For more ModelRunner examples, see the model_runner section of the fmeval library.

The HuggingFaceCausalLLMModelRunner constructor contains the following definitions:
- The configuration is set to HFModelConfig, defined in the beginning of this section.
- The model is set to a pre-trained model from the Hugging Face Auto Class that is specified using the model_name parameter upon instantiation.
- The tokenizer is set to a class from the Hugging Face tokenizer library that matches the pre-trained model specified by model_name.
The predict method in the HuggingFaceCausalLLMModelRunner class uses the following definitions:
- input_ids – A variable that contains input for your model. The model generates the input as follows.

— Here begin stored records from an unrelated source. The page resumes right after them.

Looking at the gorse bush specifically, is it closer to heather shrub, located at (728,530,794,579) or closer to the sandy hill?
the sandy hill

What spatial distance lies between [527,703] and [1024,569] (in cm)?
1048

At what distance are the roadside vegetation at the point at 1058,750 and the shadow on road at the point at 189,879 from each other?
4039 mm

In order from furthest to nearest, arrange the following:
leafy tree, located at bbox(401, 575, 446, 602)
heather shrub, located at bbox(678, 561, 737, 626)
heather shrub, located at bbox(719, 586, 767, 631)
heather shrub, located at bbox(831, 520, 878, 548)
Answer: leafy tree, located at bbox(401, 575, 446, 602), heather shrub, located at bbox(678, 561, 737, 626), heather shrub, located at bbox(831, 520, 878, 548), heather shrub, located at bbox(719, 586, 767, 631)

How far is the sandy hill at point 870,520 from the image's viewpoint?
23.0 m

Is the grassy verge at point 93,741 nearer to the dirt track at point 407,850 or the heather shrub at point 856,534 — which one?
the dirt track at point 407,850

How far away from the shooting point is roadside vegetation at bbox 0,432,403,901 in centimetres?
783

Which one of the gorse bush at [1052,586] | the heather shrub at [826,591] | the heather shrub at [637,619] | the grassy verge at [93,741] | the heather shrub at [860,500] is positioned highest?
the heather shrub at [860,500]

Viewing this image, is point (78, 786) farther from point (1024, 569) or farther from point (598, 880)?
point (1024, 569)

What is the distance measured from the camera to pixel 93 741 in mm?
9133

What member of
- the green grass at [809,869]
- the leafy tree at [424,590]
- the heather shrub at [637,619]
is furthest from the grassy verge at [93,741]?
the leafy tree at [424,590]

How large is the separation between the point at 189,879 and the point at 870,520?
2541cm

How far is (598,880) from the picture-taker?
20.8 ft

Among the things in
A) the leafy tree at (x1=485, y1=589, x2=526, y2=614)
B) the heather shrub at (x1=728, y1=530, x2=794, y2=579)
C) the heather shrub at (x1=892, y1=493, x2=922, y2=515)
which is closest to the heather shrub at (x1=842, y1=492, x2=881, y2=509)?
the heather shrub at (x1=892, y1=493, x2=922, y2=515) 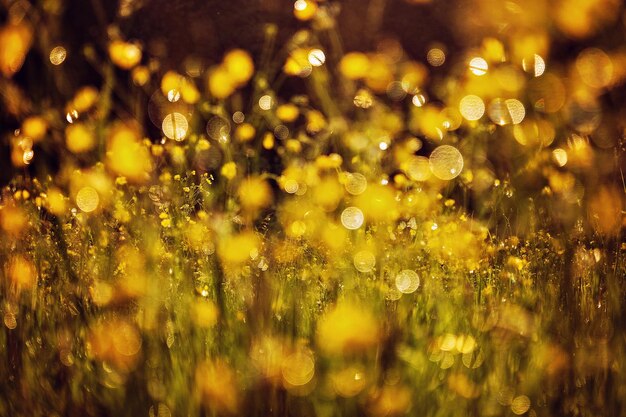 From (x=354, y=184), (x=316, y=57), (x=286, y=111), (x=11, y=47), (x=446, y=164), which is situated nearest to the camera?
(x=11, y=47)

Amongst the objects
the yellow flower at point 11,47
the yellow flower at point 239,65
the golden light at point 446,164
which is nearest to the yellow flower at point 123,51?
the yellow flower at point 239,65

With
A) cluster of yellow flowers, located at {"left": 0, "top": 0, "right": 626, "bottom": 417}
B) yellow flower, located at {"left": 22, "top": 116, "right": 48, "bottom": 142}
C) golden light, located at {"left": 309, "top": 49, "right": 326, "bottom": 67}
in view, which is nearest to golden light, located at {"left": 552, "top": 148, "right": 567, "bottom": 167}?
cluster of yellow flowers, located at {"left": 0, "top": 0, "right": 626, "bottom": 417}

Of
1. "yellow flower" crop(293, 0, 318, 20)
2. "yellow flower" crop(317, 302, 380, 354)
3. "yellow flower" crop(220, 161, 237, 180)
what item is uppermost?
"yellow flower" crop(317, 302, 380, 354)

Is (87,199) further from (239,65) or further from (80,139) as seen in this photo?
(239,65)

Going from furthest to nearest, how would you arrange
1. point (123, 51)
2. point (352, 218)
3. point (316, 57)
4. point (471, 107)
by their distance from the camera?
point (123, 51) < point (316, 57) < point (471, 107) < point (352, 218)

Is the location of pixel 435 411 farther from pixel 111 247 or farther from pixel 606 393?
pixel 111 247

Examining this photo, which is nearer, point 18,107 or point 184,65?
point 18,107

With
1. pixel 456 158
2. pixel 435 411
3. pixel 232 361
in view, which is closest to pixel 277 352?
pixel 232 361

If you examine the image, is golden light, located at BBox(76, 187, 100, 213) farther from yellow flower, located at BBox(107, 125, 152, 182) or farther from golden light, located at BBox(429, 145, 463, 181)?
golden light, located at BBox(429, 145, 463, 181)

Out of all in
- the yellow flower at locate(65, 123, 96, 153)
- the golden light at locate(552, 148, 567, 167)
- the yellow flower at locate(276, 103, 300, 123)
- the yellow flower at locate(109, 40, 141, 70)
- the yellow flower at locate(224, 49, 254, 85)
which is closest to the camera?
the golden light at locate(552, 148, 567, 167)

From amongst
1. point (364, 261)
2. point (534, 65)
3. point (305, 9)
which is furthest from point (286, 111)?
point (364, 261)

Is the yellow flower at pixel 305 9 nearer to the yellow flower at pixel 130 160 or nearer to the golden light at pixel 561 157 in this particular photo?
the yellow flower at pixel 130 160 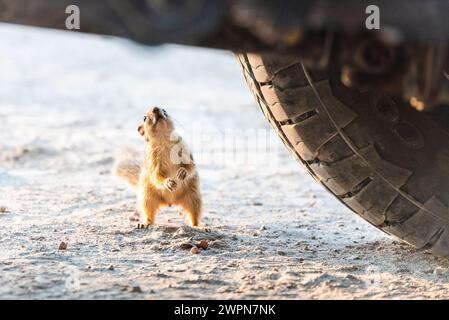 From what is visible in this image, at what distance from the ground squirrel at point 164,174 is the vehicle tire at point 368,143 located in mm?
1603

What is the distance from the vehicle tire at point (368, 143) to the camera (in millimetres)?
3725

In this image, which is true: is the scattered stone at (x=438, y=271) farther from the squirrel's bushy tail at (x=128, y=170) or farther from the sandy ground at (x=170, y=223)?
the squirrel's bushy tail at (x=128, y=170)

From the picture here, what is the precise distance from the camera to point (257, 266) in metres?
4.21

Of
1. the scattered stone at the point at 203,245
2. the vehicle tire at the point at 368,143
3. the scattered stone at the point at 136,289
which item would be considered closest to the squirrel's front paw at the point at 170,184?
the scattered stone at the point at 203,245

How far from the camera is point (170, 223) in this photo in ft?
18.2

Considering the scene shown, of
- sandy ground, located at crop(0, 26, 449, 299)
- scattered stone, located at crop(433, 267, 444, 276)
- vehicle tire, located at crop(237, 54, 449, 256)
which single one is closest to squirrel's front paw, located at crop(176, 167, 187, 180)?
sandy ground, located at crop(0, 26, 449, 299)

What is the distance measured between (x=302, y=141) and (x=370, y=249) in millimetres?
1010

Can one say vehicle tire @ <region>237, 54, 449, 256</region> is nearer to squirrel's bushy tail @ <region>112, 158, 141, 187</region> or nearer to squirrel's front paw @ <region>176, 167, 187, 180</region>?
squirrel's front paw @ <region>176, 167, 187, 180</region>

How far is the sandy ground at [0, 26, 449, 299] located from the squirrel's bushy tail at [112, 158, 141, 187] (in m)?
0.13

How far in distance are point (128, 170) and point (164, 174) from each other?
1.71ft

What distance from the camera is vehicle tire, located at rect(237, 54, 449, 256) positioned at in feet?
12.2

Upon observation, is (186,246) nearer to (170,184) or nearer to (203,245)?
(203,245)

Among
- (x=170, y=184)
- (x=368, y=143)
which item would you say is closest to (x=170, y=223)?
(x=170, y=184)

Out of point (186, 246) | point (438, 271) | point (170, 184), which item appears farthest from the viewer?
point (170, 184)
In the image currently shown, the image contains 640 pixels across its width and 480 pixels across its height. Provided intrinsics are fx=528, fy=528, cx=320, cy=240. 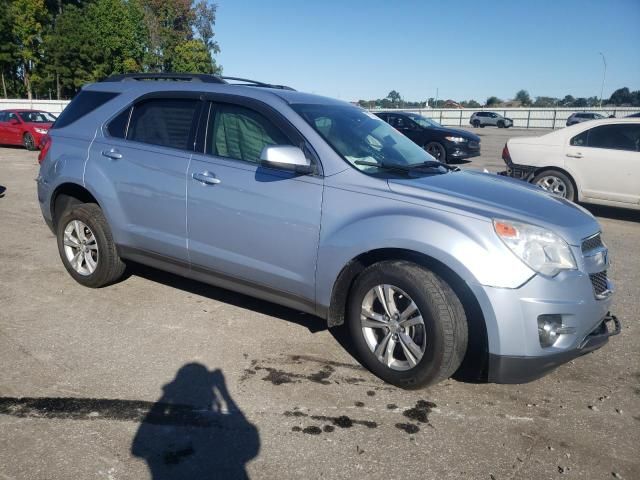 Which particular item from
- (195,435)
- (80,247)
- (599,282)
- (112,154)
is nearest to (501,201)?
(599,282)

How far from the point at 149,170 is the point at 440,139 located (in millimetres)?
12715

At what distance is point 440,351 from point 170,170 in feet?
8.12

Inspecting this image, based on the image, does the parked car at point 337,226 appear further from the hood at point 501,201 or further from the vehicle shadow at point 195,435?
the vehicle shadow at point 195,435

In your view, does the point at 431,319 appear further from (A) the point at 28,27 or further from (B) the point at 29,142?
(A) the point at 28,27

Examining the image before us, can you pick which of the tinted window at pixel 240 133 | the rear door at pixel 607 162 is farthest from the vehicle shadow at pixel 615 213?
the tinted window at pixel 240 133

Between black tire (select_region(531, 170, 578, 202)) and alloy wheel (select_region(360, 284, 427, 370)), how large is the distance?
6642 millimetres

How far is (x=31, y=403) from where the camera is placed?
3.07 meters

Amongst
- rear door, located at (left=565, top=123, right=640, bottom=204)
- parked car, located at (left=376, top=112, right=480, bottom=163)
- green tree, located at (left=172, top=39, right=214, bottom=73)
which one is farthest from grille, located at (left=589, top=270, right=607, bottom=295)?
green tree, located at (left=172, top=39, right=214, bottom=73)

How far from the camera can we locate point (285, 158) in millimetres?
3398

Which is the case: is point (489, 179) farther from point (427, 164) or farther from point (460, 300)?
point (460, 300)

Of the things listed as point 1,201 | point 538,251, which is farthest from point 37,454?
point 1,201

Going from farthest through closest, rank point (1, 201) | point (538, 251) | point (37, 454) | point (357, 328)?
point (1, 201)
point (357, 328)
point (538, 251)
point (37, 454)

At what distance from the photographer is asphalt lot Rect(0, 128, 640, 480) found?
261cm

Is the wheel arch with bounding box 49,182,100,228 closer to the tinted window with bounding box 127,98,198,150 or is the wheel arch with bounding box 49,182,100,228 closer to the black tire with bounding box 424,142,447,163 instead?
the tinted window with bounding box 127,98,198,150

  - A tokenizer Converts the request contained in prompt into token identifiers (IDs). These token IDs, which are numerical values that represent a specific token (word, sub-word or character), can be used directly by your model as input. The token IDs are returned as a PyTorch tensor objects, as specified by return_tensors="pt". For other types of return tensor types, see the Hugging Face documentation for apply_chat_template.
  - Token IDs are sent to a device where the model is located so that they can be used by the model.
- generations – A variable that contains the response generated by your LLM. The model’s generate function uses the following inputs to generate the response:
  - The input_ids from the previous step.
  - The parameter max_new_tokens specified in HFModelConfig.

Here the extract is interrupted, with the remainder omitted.